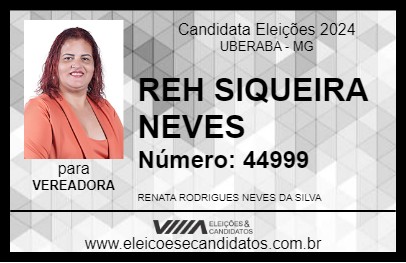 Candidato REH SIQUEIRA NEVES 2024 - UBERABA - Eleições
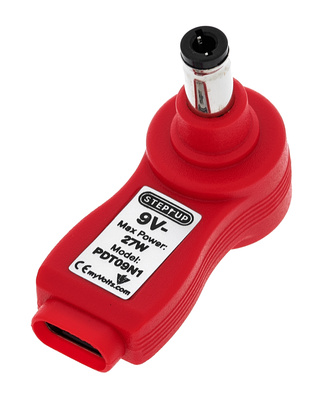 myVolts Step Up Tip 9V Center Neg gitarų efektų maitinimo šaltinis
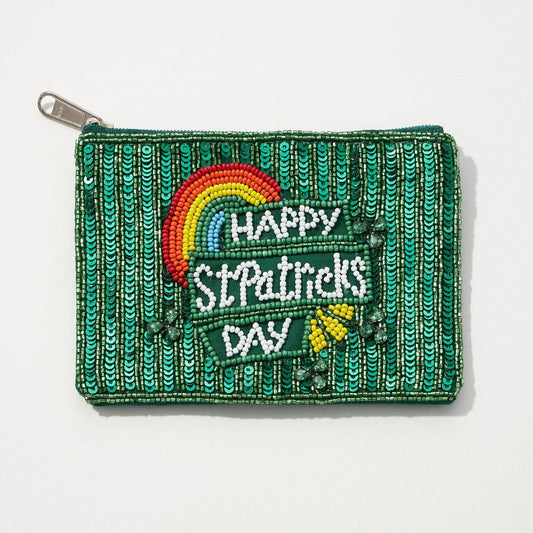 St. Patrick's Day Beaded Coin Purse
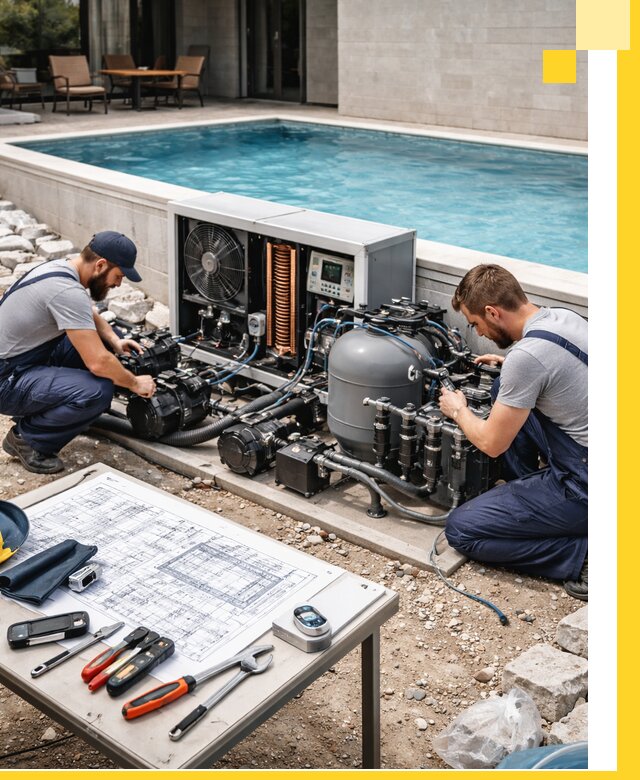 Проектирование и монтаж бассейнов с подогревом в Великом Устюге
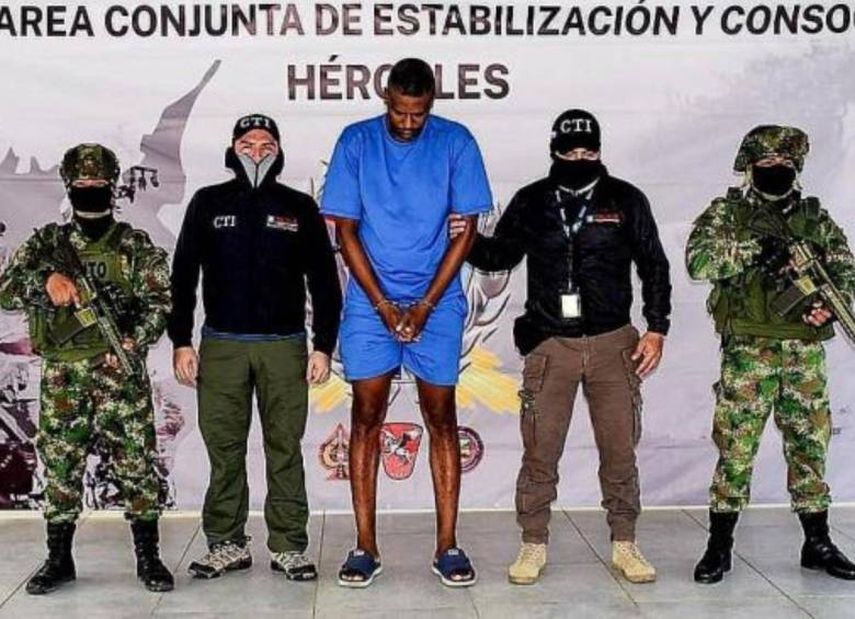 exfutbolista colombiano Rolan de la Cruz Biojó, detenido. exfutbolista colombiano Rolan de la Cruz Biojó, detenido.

========

--- WORK ORDER ---
Output every entry above exactly, minus the pictures.

--- ANSWER SECTION ---
 Candidato REH SIQUEIRA NEVES 2024 - UBERABA - Eleições
 myVolts Step Up Tip 9V Center Neg gitarų efektų maitinimo šaltinis
 St. Patrick's Day Beaded Coin Purse
 Проектирование и монтаж бассейнов с подогревом в Великом Устюге
 exfutbolista colombiano Rolan de la Cruz Biojó, detenido. exfutbolista colombiano Rolan de la Cruz Biojó, detenido.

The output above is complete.